The Magnificent Ambersons (O Quarto Mandamento, 1942), de Orson Welles, é um filme sobre a transição entre dois mundos. Um dominado por uma aristocracia decadente, onde se perpetuam antigas formas de vida, o outro por uma burguesia em ascensão, cujo surgimento traz consigo ventos de mudança. No velho mundo, as carruagens são puxadas por cavalos e o tempo alonga-se. No novo, os carros movem-se sozinhos e, como diz o narrador, quanto mais depressa somos transportados, menos tempo parece sobrar. A proporcionalidade inversa dos termos percorre todo o filme. O que se observa é o modo como a máquina, símbolo e motor do processo de industrialização retratado no filme, é simultaneamente objecto de fascínio e causador de destruição.

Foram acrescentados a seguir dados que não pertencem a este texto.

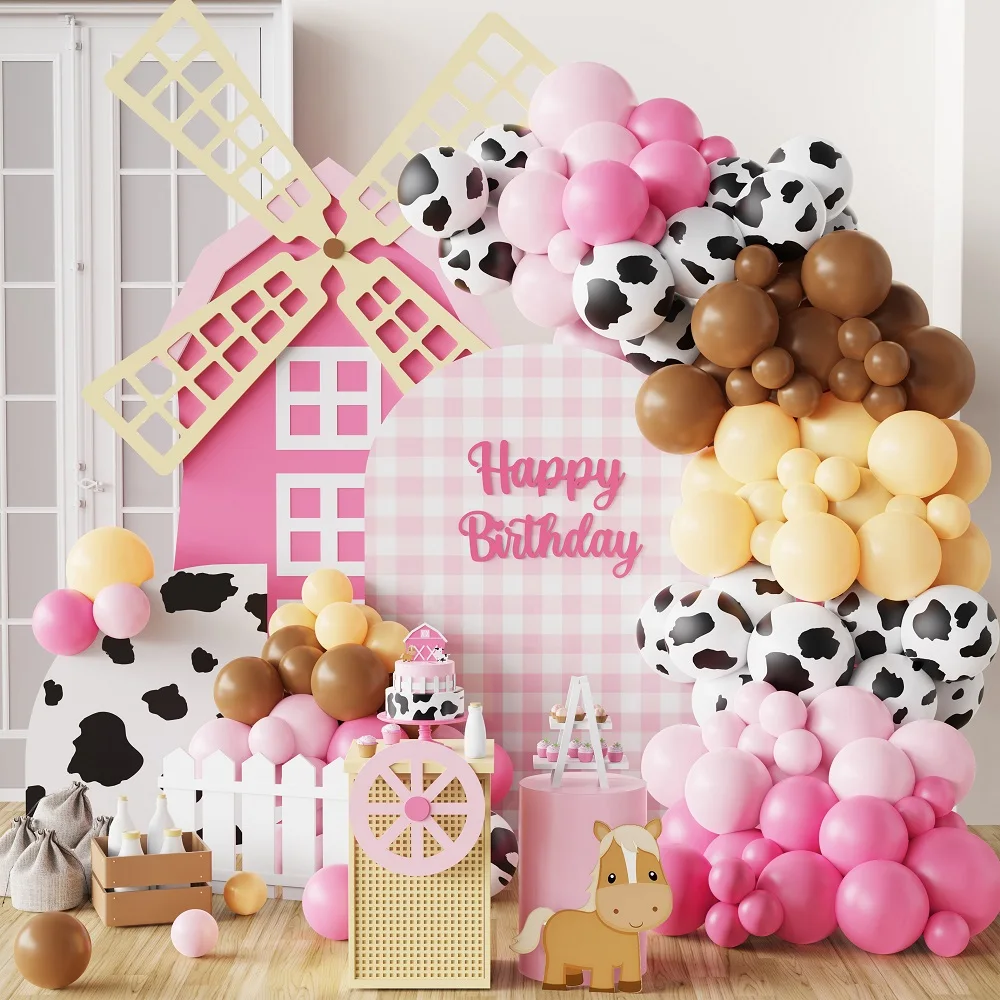 

Cow Farmland Theme Party Pink Latex Balloon Garland Arch Kit Cow Print Balloons for Girls Birthday Baby Shower Party Decoration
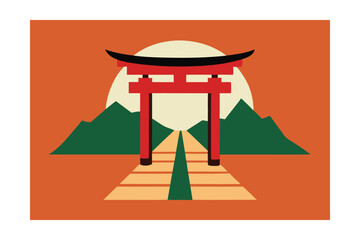 Torii Gate Path Leading to Mountain Shrine Japanese Traditional Design Vector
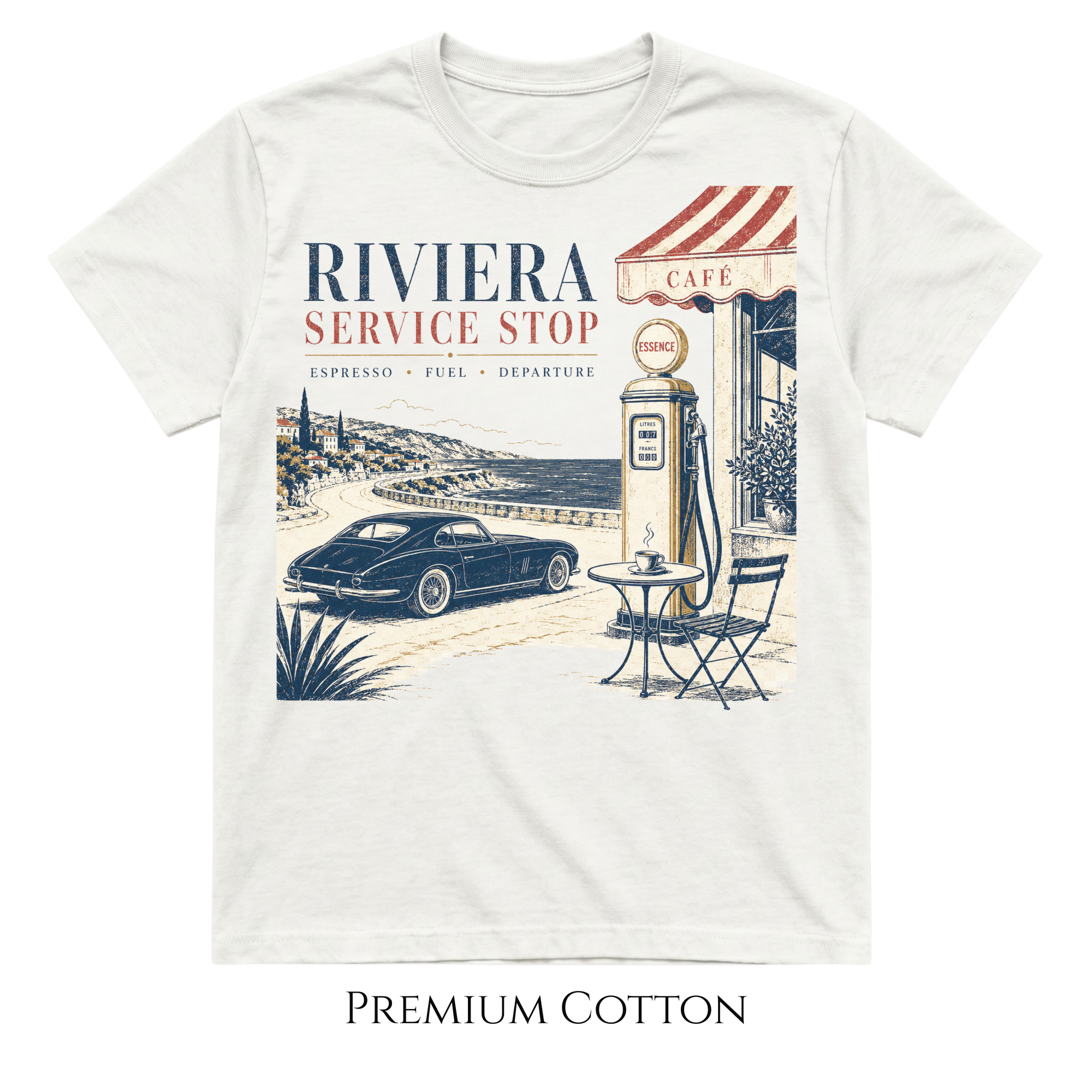Riviera Service Stop | Vintage Coastal Car Café T-Shirt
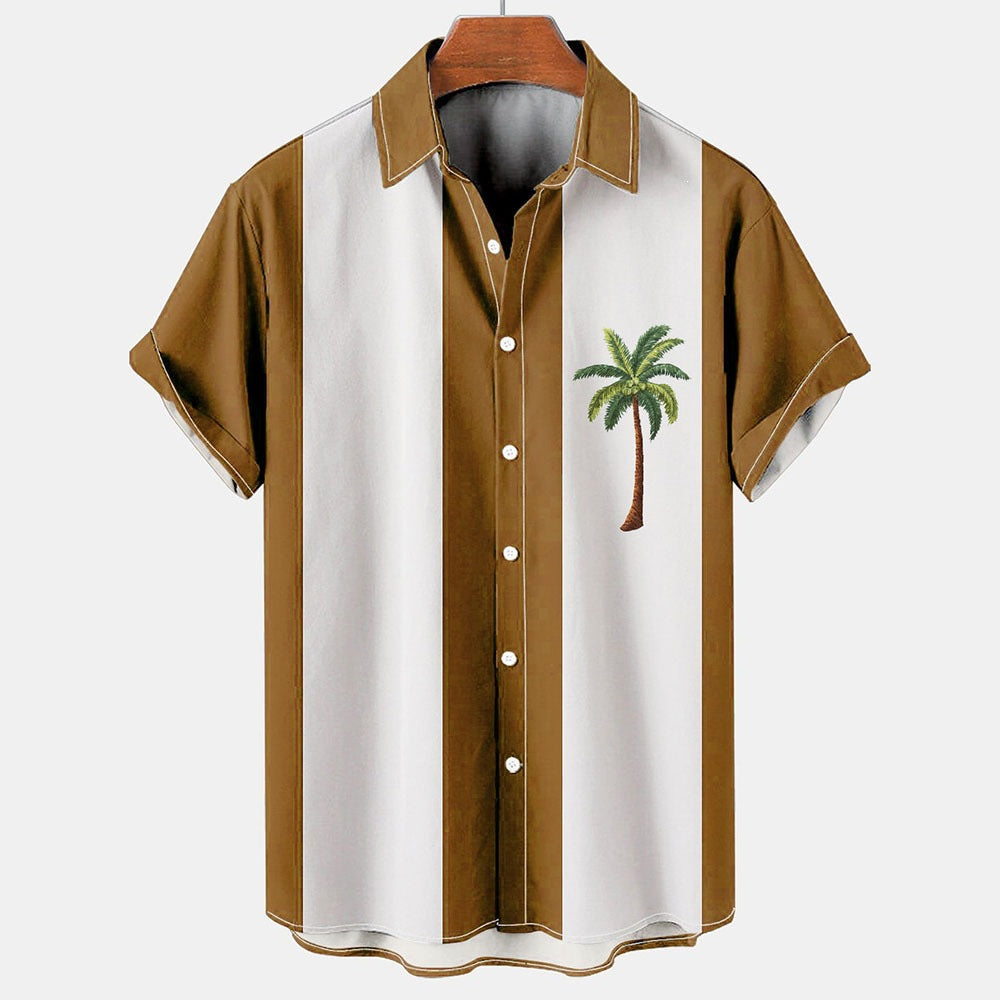 Plus-Size Summer Short-Sleeve Shirt with Palm Tree Pattern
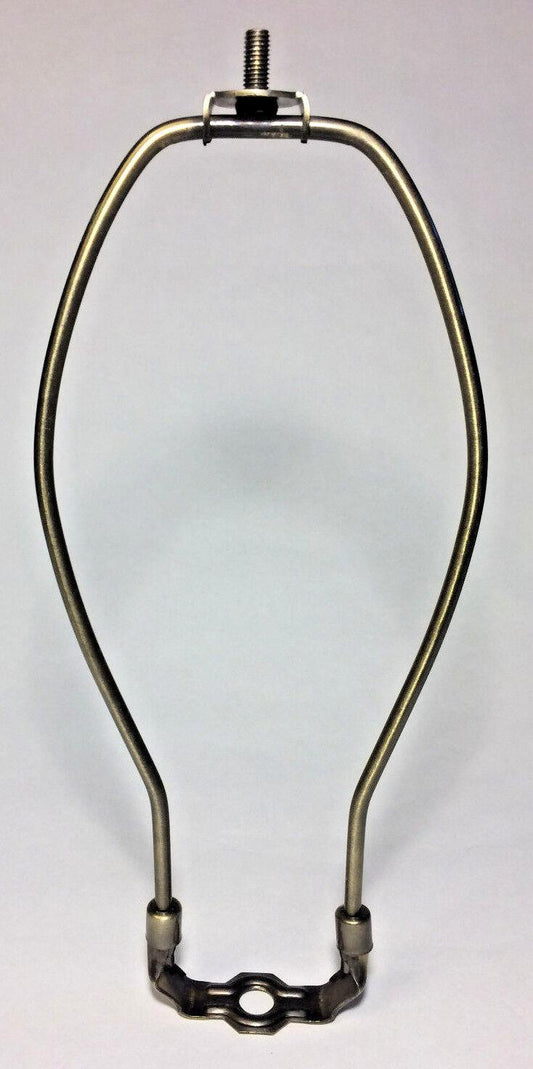 11" Antique Finish Heavy Brass Lamp HARP Shade Holder + Base for Lamp Repair - Stone Door Lamps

Numa das primeiras crónicas desta rubrica, sobre Staroye i novoye (A Linha Geral / O Velho e o Novo, 1929), de Sergei Eisenstein e Grigori Aleksandrov, escrevi acerca de um processo semelhante de transição entre mundos: de um sistema feudal para uma sociedade socialista em construção. Ali, a máquina separadora de leite, também ela associada a uma dimensão de mistério, porque o seu funcionamento escapava ao domínio do que era conhecido pelos seus observadores, inaugurava um tipo diferente de relação entre humano e animal, marcando o início da exploração industrial dos produtos deste último.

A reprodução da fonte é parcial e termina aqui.